Again – CAHS has been advocating for this kind of policy solutions as well. We will actually be talking about these programs tomorrow July 15th on WICC600 Bridgeport – tune in!
In a recent article (PDF) Greg J. Duncan, Katherine Magnuson, and Elizabeth Votruba-Drzal examine the effects on poverty on school readiness. They compare how good kindergarten kids are in basic skills like recognizing letters, counting, basic shapes and word sounds, breaking down the results by income. The results are pretty staggering:
Low income and poor kids start kindergarten systematically behind their peer. Less than 20% of poor kids can be considered proficient recognizing letters, compared to more than 70% for middle class families. This is a huge disparity than exist before most children enter the public education system – and it persists, or even widens, over time.

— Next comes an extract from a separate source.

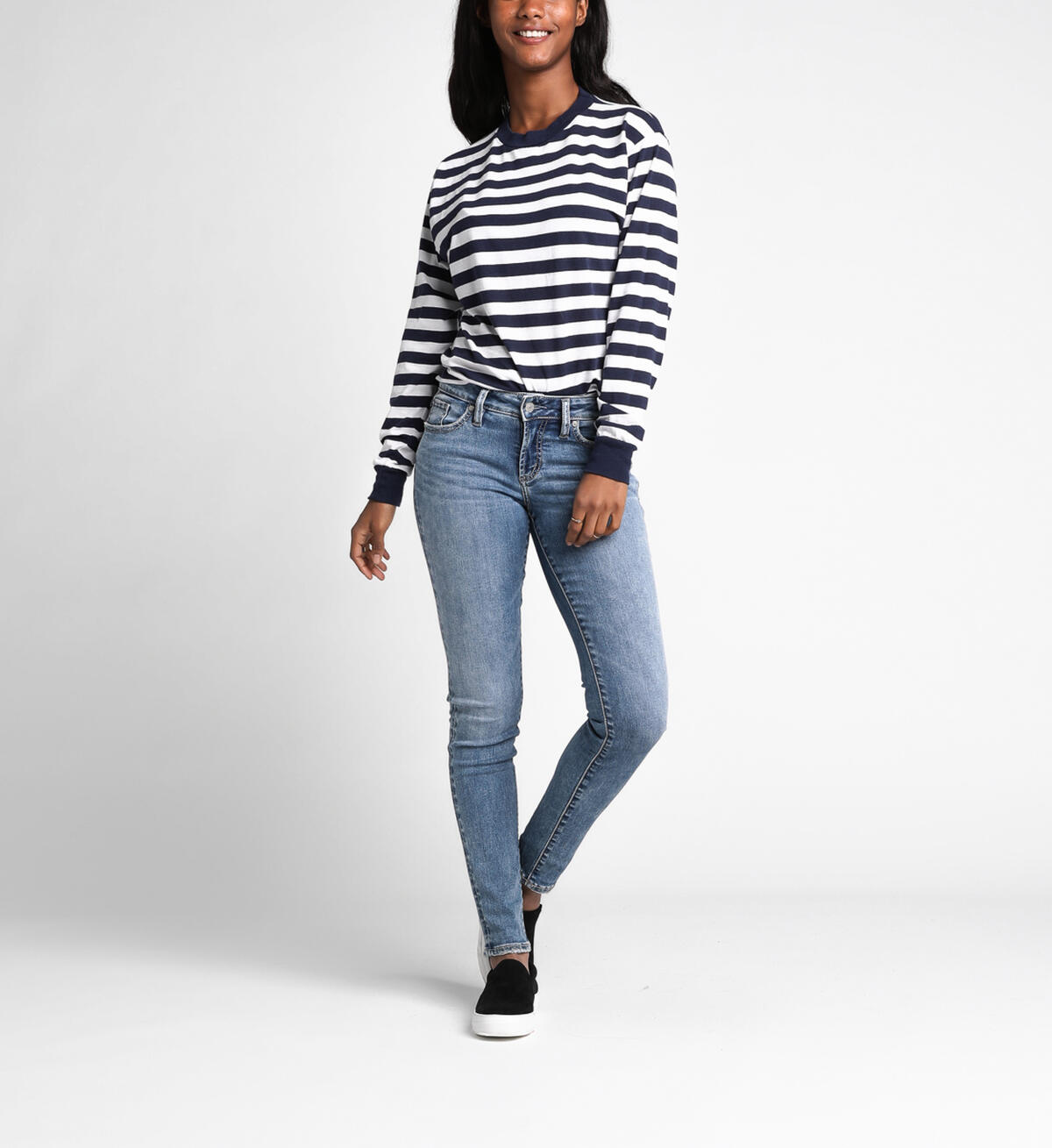 Suki Skinny Mid Medium Wash, , hi-res image number 0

What are the causes of this gap? The authors review the evidence in depth; Brookings has an excellent post today assessing this issue. The main question is, of course how poverty affects this disparity, and what steps can be taken to reverse this gap. Their policy recommendations:
Focus on early childhood poverty: If it turns out that poverty is most devastating in early childhood, then increasing the cash flow to families with very young children is a good investment. In a recent policy brief, for example, we proposed making the Earned Income Tax Credit more generous for children under the age of 5.
Tie cash to behaviors: One way to deliver cash assistance is by using cash payments to reward positive behaviors such as children’s school attendance or preventative health care. New York City’s Family Rewards program, for example, ties cash rewards to several indicators of children’s education, preventative health care, and parental employment.
Don’t cut family income: If higher income expands opportunity, then the reverse is also true. The authors warn that “reductions in the generosity of programs such as the EITC can be expected to reduce children’s success.
That is – addressing poverty is important, but we also need to invest in pre-K education. The legislature just took some bold steps in this direction this year – and we should keep moving towards universal access to pre-K.